[Web-SIG] My experiences implement WSGI on java/j2ee/jython.
py-web-sig at xhaus.com
Mon Aug 30 02:32:23 CEST 2004
Firstly, I must say, I am totally impressed with the WSGI initiative. At
first at wasn't clear how such low level structures could improve the
fragmented situation with python-web frameworks. But now that I've spend
some time implementing a framework that complies with the spec, I
understand it a *lot* better, and can see a lot of it's benefits.
Secondly, I must apologise in advance for the length of this post :-)
I decided to write a java/j2ee/jython framework which layers WSGI on top
of java servlets. I decided this for a number of reasons
- Because I want WSGI to succeed, and in open-source chances of
success are greatly enhanced by running code.
- Because jython needs to be included in WSGI from the ground up.
- Because cpython and jython should be able to share web components.

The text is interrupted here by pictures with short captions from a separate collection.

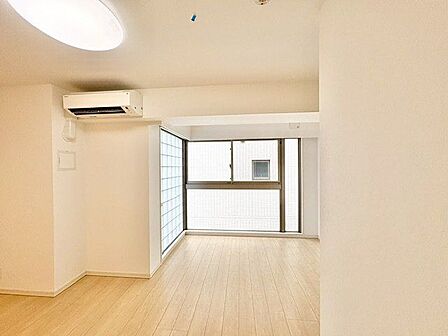 吹きぬける風を感じながら爽やかで風通しの良い暮らし。心に余裕をもたらす快適住戸。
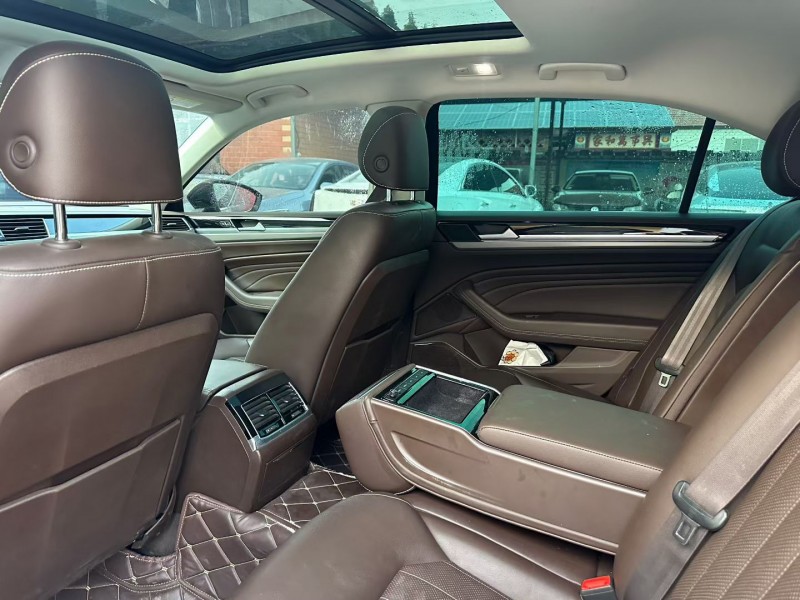 青岛23年大众辉昂5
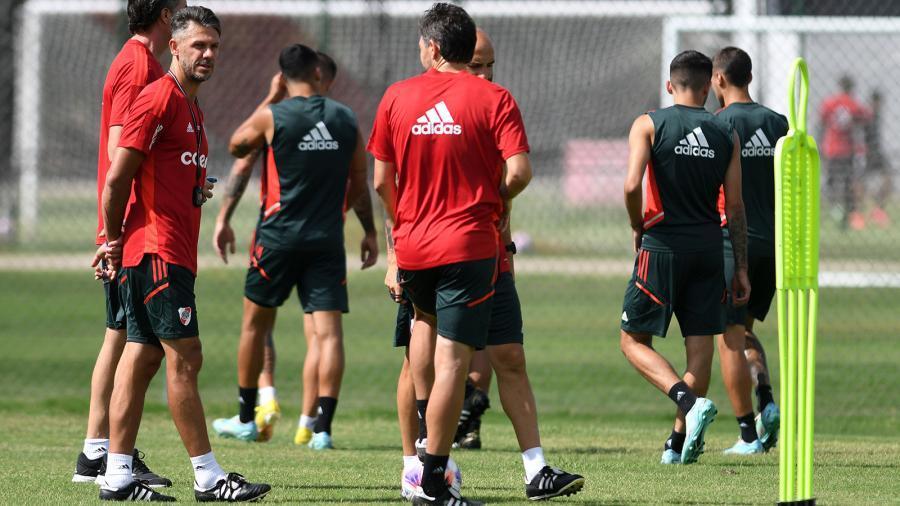 Demichelis en el entrenamiento de River 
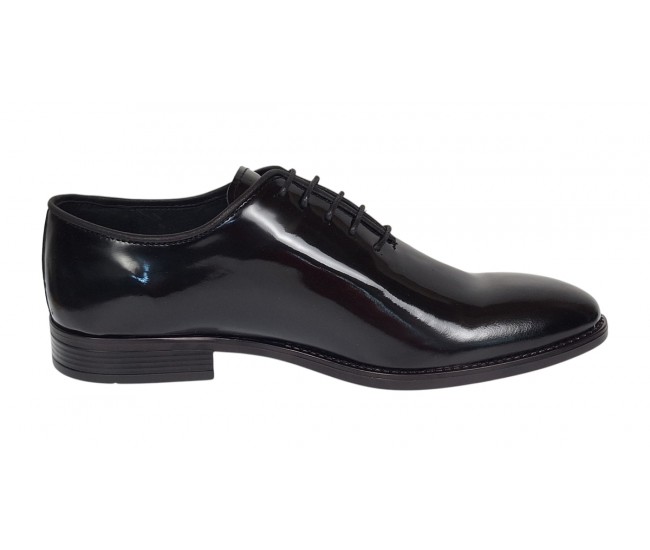 Pantofi barbati eleganti din piele naturala de culoare negru lac Donatto GKR200LN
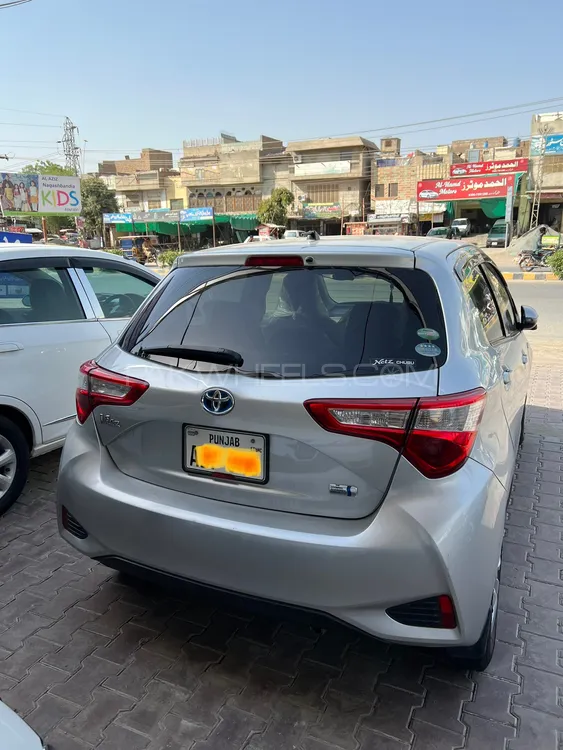 Toyota Vitz 2017 for Sale in Sahiwal Image-1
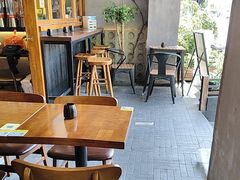 -8PINTS八品脱·日料·烧鸟·精酿小酒馆(莘庄店)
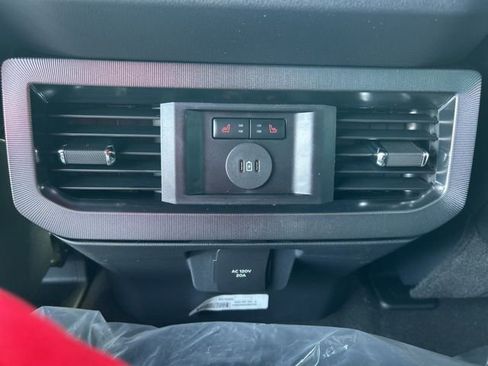 New 2026 Ford F250 Platinum AWD/4WD image 18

- Because WSGI needs testing against as many server architectures as
- Because the best way to test the quality and usability of a spec is
to write software that implements it.
- Because I pray for the day when we can pick and mix capabilities
from the huge wealth of python web frameworks out there.
- Because J2EE (i.e. traditional servlets) are sometimes far too
restrictive, in terms of the way they handle cookies, authorisation,
etc, and require configuring lots of XML files, which can be a pain: I
don't like coding in XML, I like coding in python, where I can keep my
configuration all in an appropriate format.
- Because I want cpythonistas to keep jython in mind.
- Because someone had to do it :-), and I do J2EE and jython stuff all
the time in my work
- Because WSGI was small enough to implement in a day or two.
- A load of other good reasons.
My code is not ready for release. I only spent yesterday writing it:
it's not big, approx 500 lines of java. But I haven't even compiled it
yet, so it's got loads of syntax errors, no comments, no documentation,
etc. I expect the compilation and debugging to take a day or two.
However, I'm ridiculously busy at the moment, and really can't spare
much time. The fact that I sacrificed my weekend to get jython WSGI
up-and-running quickly may give you an idea of how important I consider
the WSGI initiative. I promise I'll release my code by next weekend,
whatever state it's in. If it's not 100% running, it'll be 90+% running,
My design for the moment is really just to show a proof of concept, and
a bare-bones framework. The framework will simply allow, through
configuration, the user to map an URL python file, and to specify the
name of a callalble object within that file, which will obviously be the
application. Application objects will be cached, based on the filename
they came from. The request will be dispatched to the application in a
WSGI compliant way. Simple. For the moment, I'm taking the easy way out,
in relation to things like threading guarantees. Anything that asks to
be single-threaded will still use a single instance, but calls from
multiple threads will be synchronized on that single object, which
wouldn't really work in a production framework. As WSGI evolves, I'll
make these kinds of facilities more robust, scalable.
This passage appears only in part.